Determine the first derivative:

$y ' = \left(12 {x}^{3} - 24 {x}^{2} - 36 x\right) {e}^{3 {x}^{4} - 8 {x}^{3} - 18 {x}^{2}}$

We need to determine the candidates for maximum/minimum. These are critical points, and occur when $y ' = 0$. We can immediately get rid of ${e}^{3 {x}^{4} - 8 {x}^{3} - 18 {x}^{2}}$ because this will never equal $0$.

$0 = 12 {x}^{3} - 24 {x}^{2} - 36 x$

$0 = {x}^{3} - 2 {x}^{2} - 3 x$

$0 = x \left({x}^{2} - 2 x - 3\right)$

$0 = x \left(x - 3\right) \left(x + 1\right)$

$x = 0 , 3 \mathmr{and} - 1$

Now we need to test the value of the derivative within these intervals to determine the nature of these points.

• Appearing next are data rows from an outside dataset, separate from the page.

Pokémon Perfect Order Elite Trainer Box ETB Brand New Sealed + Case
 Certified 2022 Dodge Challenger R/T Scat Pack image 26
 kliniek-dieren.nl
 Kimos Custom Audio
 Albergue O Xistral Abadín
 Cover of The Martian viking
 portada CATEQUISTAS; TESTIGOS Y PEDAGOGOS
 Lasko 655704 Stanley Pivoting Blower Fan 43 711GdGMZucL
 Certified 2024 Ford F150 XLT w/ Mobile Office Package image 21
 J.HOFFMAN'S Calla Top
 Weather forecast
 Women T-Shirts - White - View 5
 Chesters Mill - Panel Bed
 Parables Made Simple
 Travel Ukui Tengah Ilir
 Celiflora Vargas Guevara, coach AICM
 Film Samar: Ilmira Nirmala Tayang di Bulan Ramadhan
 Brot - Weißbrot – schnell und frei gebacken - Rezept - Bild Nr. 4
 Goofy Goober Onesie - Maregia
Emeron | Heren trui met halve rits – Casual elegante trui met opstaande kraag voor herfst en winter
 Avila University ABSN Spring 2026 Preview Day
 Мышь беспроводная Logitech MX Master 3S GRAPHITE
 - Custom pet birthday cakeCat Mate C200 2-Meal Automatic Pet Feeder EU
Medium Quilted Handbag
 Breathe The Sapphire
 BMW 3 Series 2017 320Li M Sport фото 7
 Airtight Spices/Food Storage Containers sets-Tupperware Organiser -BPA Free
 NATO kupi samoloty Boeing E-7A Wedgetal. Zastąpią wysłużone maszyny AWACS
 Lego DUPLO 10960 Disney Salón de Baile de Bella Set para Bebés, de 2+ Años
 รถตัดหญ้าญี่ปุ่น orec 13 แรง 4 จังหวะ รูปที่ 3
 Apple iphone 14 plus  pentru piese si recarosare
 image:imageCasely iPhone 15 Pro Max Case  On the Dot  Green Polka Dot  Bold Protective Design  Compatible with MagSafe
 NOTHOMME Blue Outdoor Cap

We need not include ${e}^{3 {x}^{4} - 8 {x}^{3} - 18 {x}^{2}}$ here because this will never influence the sign of the derivative.

We see that

$y ' \left(1\right) = 12 {\left(1\right)}^{3} - 24 {\left(1\right)}^{2} - 36 \left(1\right) = \text{negative}$

Therefore, $x = 0$ is a local maximum, $x = 3$ is a local minimum and $x = - 1$ is a local minimum.

We can confirm this graphically. Hopefully this helps!